The project – called CATS (Consultant Advice and Triage Service) – prompts consultants to review each referral, searching the patient’s previous history and test results before making a clinical decision. This enables them to decide whether a patient can be managed in the community with additional support, or whether they need immediate diagnostic testing.
Dr Nigel Trudgill, one of the leads of the CATS project, said: “This project shows that a small change can make such a huge difference to patients’ experience.
“Consultants are encouraged to spend more time on reviewing the referral, which will then allow them to make a decision on whether patients can be managed in the community under the care of their GPs.
“The project started in June 2015 and many departments in the Trust are now using the CATS model, including Gastroenterology, Endocrinology, Immunology and Haematology. After six months using this model, waiting time for Gastroenterology has been reduced from three months to seven weeks, enabling the urgent patients in real need of specialist care to be seen”.
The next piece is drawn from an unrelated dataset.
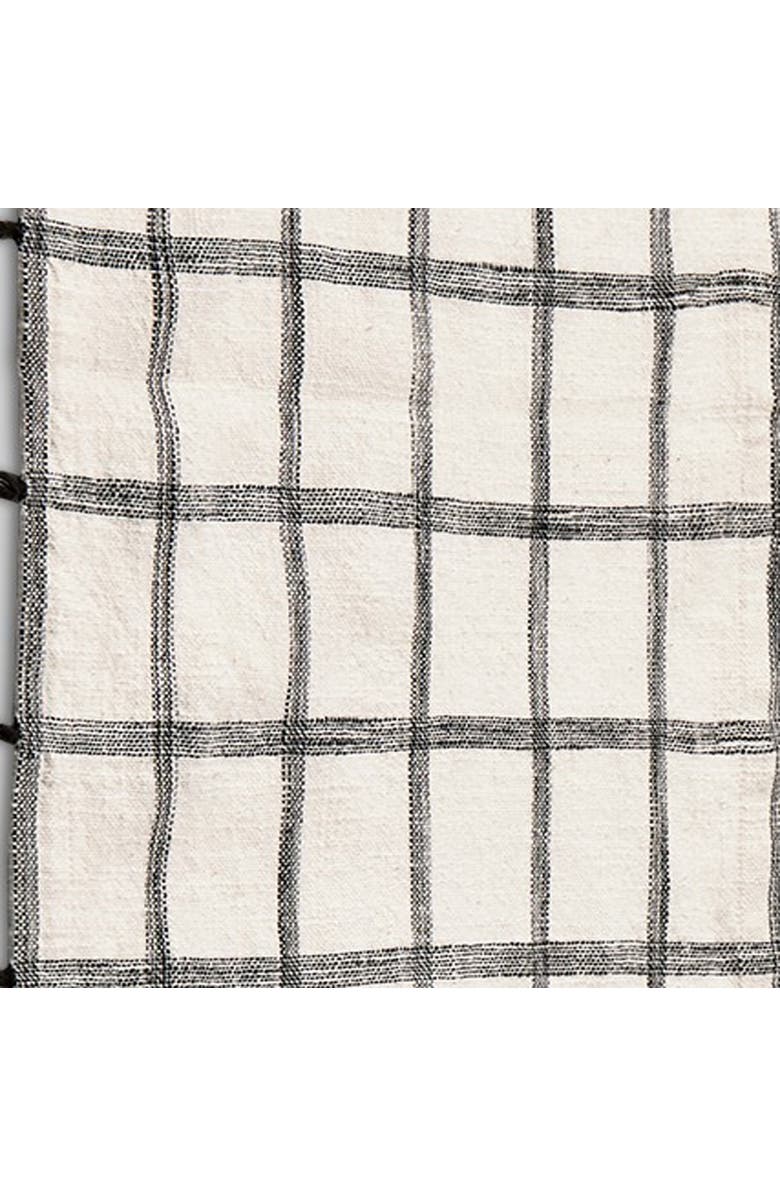 tag Black Check Tassel Table Runner Cotton Machine Washable Decor, Alternate, color, Black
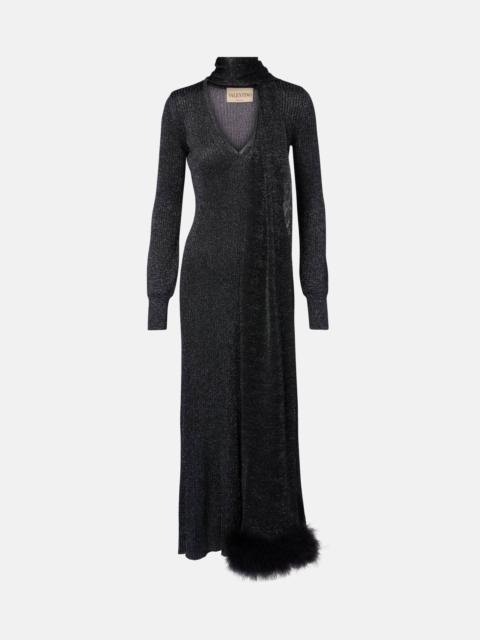 Feather-trimmed lamé maxi dress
Dr Savio Gaspar, GP at St Clement’s Surgery in Birmingham – and also the GP Director for Primary Care – said: “The impact that CATS can bring to patients is tremendous.
“It gives patients the opportunity to receive the right care at the right time by the right person. We believe that just by changing small steps in reviewing referrals, the speed of delivering care can be significantly increased.
“It’s a revolution for the NHS – and I would recommend other GPs and hospitals to adopt this model”.